Stored dataset items:
-*-*-

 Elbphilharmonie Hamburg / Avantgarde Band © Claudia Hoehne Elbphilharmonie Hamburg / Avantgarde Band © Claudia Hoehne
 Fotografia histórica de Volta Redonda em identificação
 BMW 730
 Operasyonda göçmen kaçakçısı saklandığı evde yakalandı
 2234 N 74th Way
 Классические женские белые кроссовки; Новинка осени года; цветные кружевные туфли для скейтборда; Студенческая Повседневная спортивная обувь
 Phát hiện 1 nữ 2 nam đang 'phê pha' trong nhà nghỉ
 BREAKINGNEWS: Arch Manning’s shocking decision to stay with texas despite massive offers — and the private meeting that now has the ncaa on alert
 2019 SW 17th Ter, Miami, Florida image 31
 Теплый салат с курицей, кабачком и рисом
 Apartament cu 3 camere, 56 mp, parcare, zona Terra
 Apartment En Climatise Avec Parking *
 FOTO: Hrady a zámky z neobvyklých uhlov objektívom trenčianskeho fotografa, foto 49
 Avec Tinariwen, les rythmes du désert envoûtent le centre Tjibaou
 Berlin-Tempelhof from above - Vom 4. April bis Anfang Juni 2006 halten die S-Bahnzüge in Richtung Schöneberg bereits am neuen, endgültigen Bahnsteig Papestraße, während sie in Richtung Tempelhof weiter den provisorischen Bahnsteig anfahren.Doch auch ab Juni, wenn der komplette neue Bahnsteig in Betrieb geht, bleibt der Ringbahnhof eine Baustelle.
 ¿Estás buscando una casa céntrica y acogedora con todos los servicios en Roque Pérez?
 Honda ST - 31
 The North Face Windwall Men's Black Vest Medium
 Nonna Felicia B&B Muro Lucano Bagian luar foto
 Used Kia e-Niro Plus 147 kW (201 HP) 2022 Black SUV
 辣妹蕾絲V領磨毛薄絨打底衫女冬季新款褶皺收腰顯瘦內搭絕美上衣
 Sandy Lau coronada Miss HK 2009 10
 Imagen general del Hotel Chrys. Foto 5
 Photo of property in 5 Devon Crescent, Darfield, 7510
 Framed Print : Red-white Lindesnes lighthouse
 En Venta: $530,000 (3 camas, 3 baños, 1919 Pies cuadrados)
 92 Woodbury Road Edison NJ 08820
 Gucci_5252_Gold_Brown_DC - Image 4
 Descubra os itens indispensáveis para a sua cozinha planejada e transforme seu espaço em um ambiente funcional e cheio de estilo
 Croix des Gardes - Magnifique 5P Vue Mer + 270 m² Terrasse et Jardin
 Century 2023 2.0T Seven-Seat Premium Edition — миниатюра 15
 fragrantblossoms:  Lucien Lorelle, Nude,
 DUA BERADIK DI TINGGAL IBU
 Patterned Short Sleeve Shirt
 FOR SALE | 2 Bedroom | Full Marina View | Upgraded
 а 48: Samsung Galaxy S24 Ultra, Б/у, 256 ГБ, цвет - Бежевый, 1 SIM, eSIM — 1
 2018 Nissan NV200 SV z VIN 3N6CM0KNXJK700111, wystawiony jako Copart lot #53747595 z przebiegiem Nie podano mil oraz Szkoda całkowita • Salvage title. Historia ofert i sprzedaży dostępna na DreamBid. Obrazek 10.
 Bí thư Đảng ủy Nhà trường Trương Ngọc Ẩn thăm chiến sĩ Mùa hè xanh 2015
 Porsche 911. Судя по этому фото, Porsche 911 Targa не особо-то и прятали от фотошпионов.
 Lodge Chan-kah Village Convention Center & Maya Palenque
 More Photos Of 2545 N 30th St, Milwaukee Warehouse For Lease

-*-*-

**Exercise aim:** A verbatim transcription is needed of the lines above, starting at the line with "2234 N 74th Way" and ending at the line with "Apartment En Climatise Avec Parking *", both included, and of nothing else.

**Written reply:**
 2234 N 74th Way
 Классические женские белые кроссовки; Новинка осени года; цветные кружевные туфли для скейтборда; Студенческая Повседневная спортивная обувь
 Phát hiện 1 nữ 2 nam đang 'phê pha' trong nhà nghỉ
 BREAKINGNEWS: Arch Manning’s shocking decision to stay with texas despite massive offers — and the private meeting that now has the ncaa on alert
 2019 SW 17th Ter, Miami, Florida image 31
 Теплый салат с курицей, кабачком и рисом
 Apartament cu 3 camere, 56 mp, parcare, zona Terra
 Apartment En Climatise Avec Parking *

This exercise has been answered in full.